Moreover she is a supremely successful editor of Vogue, having seen the circulation climb steadily from 170,000 when she started in 1992 to over 220,000 now. She was rewarded with the OBE in 2005. But a lot of people in the fashion world were shocked when she first got the job. Who was she? They knew she was the daughter of two famous journalists (Drusilla Beyfus and Milton Shulman) and a good journalist herself but she had never worked as a fashion editor; she had never even been to the collections. Her previous job was editor of GQ - before that she worked at Tatler and as women's editor of the Sunday Telegraph. The day before she started at Vogue her sister Nicola (who is now the Marchioness of Normanby) took Alex to Browns and made her buy a suit - 'I remember it was a Lolita Lempicka with shoulder pads and zips all over it. I suppose I thought this is what an editor of Vogue wears!' But she didn't even think about what to wear for her first collections because it never occurred to her that anyone would be looking at her. Surely she can't have been so naive? She says now she realises that of course everyone would be inspecting her but at the time she didn't give it a thought.

I said I wanted to interview her. She said no - but I could come and hang around at Vogue and watch them preparing the March issue, and no doubt someone would be able to elucidate the mystery of handbags. In the event I never did solve the mystery of handbags - I got sidetracked by shoes, which are getting very weird indeed - but I enjoyed my little foray into the epicentre of fashion. It is a surprisingly cramped office on the sixth floor of Vogue House filled with beautiful white orchids and beautiful white girls.

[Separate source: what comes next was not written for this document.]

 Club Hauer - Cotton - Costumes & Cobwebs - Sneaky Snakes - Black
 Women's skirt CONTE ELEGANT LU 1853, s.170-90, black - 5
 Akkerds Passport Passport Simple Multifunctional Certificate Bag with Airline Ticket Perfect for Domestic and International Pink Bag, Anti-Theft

They all wear 'interesting' shoes or boots but nothing I could identify as a Vogue uniform. I expected it to be like The Devil Wears Prada or Ugly Betty with everyone bitching about everyone else, but there was not even a hint of that. Later, I told Alex I was disappointed by the general lack of bitchiness and she laughed, 'I'm sorry about that! But this is not a bitchy office. It can be tense, it can be competitive, it can be weepy sometimes when you have a lot of women in one office and people get stressed, all that, but it's not bitchy. I don't like people who are bitchy so I probably don't hire them.'

Lucinda Chambers, one of the two fashion directors, has been at Vogue since the Seventies when the terrifying Beatrix Miller still ruled. She remembers once asking Miss Miller (she was always Miss Miller) why there were all these girls weeping in the loos and Miss Miller barked 'Healthy competition!' She ruled by fear. But Alex, says Lucinda, is not like that. 'She's not lovey-dovey but she is completely straight. I think she's fair, but bloody firm.' Alex says her staff all think she's grumpy and Lucinda confirms it but adds, 'We tell her often enough.' Stephen Quinn the publishing director says, 'I always tease her that her staff are more scared of her than mine are of me. She has that grand authority.'

The first couple of editorial meetings I went to were baffling because I couldn't understand who or what anyone was talking about - it took a while to click that Mario was Testino and Kate was Moss and Uma was Thurman and Karl was Lagerfeld. There was much suspense about Sheherazade's floorboards - would they arrive in time? This turned out to be Sheherazade Goldsmith whose new house they were meant to be photographing but apparently it still lacked floorboards and, as Alex remarked, it is quite difficult to photograph rooms without floors. This problem was still unresolved when I left and I have occasionally caught myself wondering, 'Has poor Sheherazade got her floorboards yet?' There was also discussion of a make-up feature in which someone asked anxiously, 'Are we using real people?' 'Yes, but real beautiful people,' soothed Emily Sheffield, the deputy editor, an outstandingly beautiful person herself.